DATA EXCERPT.
********************
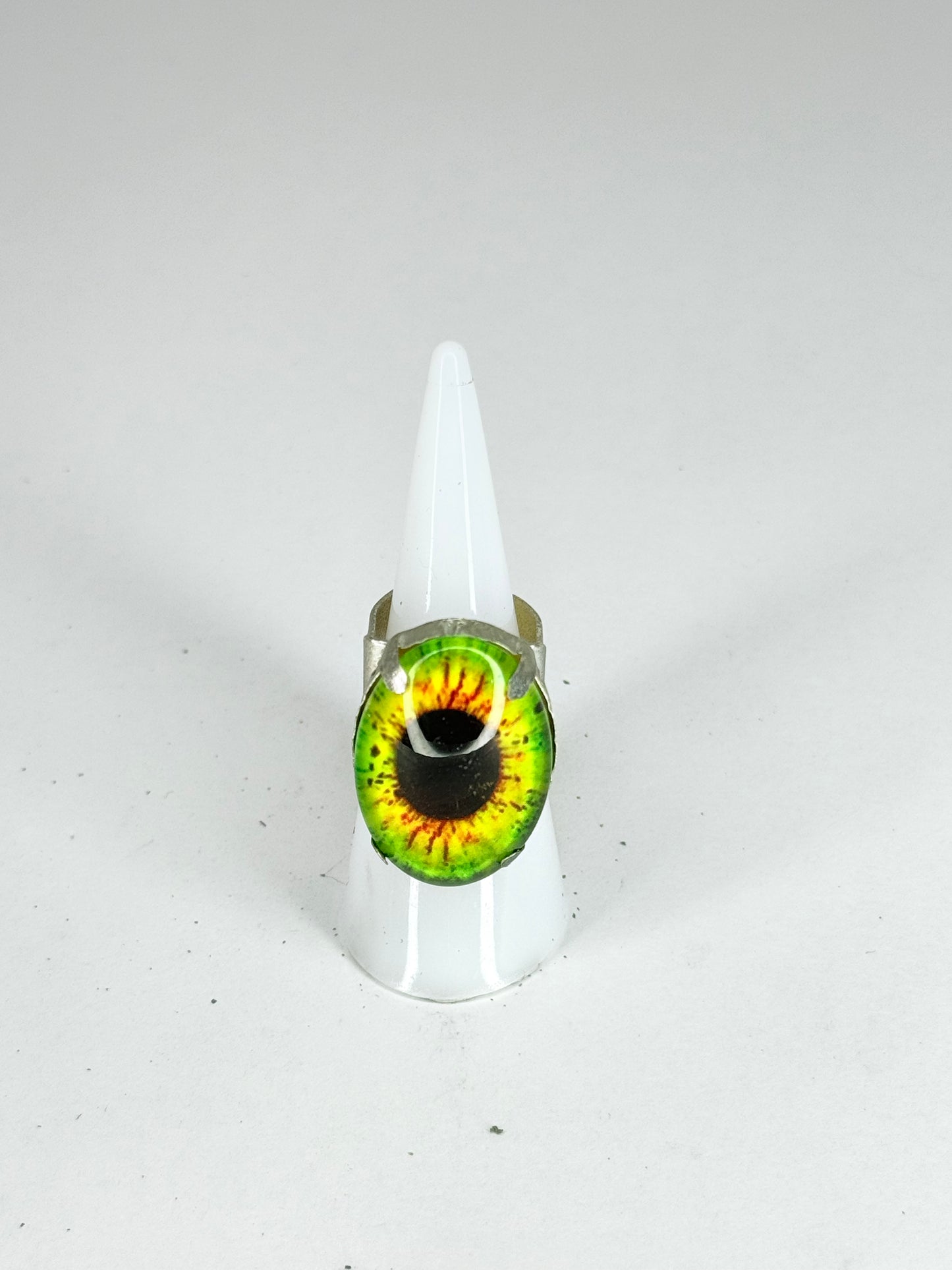Green Eyeball Ring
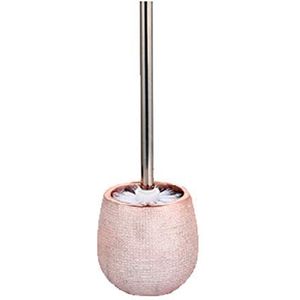 MSV Toiletborstel houder Shanghai - keramiek - rose goud - 41 x 11 cm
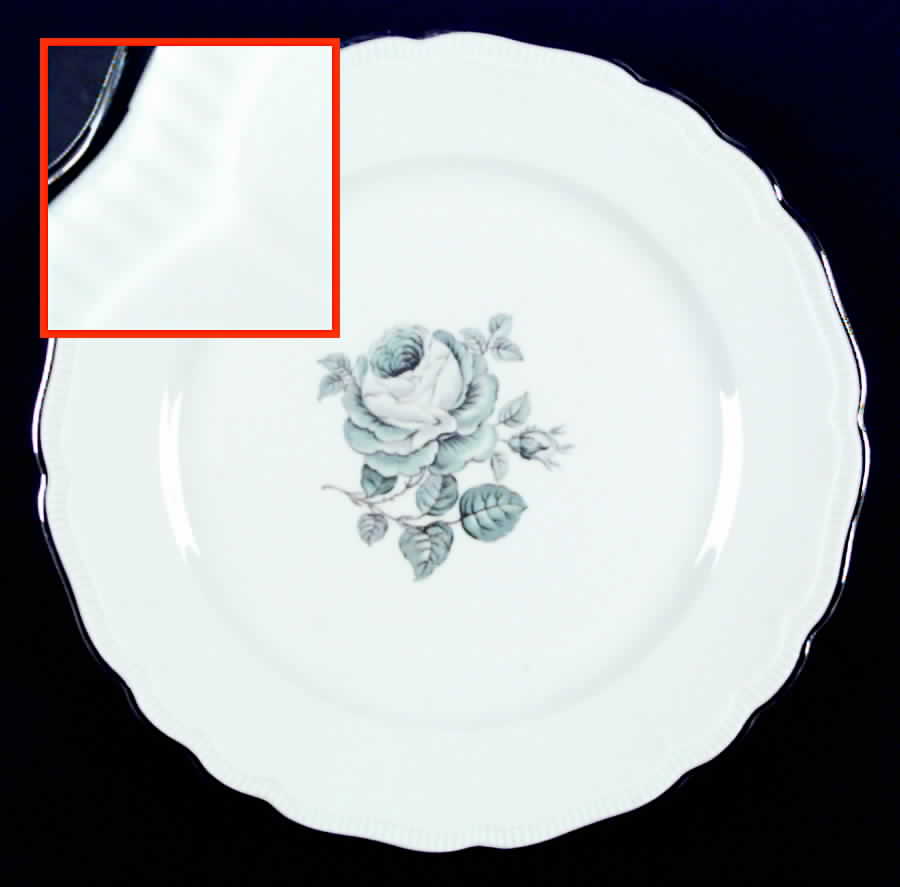 Dream Rose Dinner Plate by Jaeger-1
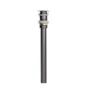 Desagüe De Push Metalico Con Rebose De 40cm Grafito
********************
TASK DETAILS.
What you print must be exactly the lines from the one containing "Dream Rose Dinner Plate by Jaeger-1" through the last line of the material, and no pictures.

THE COMPLETED TASK.
 Dream Rose Dinner Plate by Jaeger-1
 Desagüe De Push Metalico Con Rebose De 40cm Grafito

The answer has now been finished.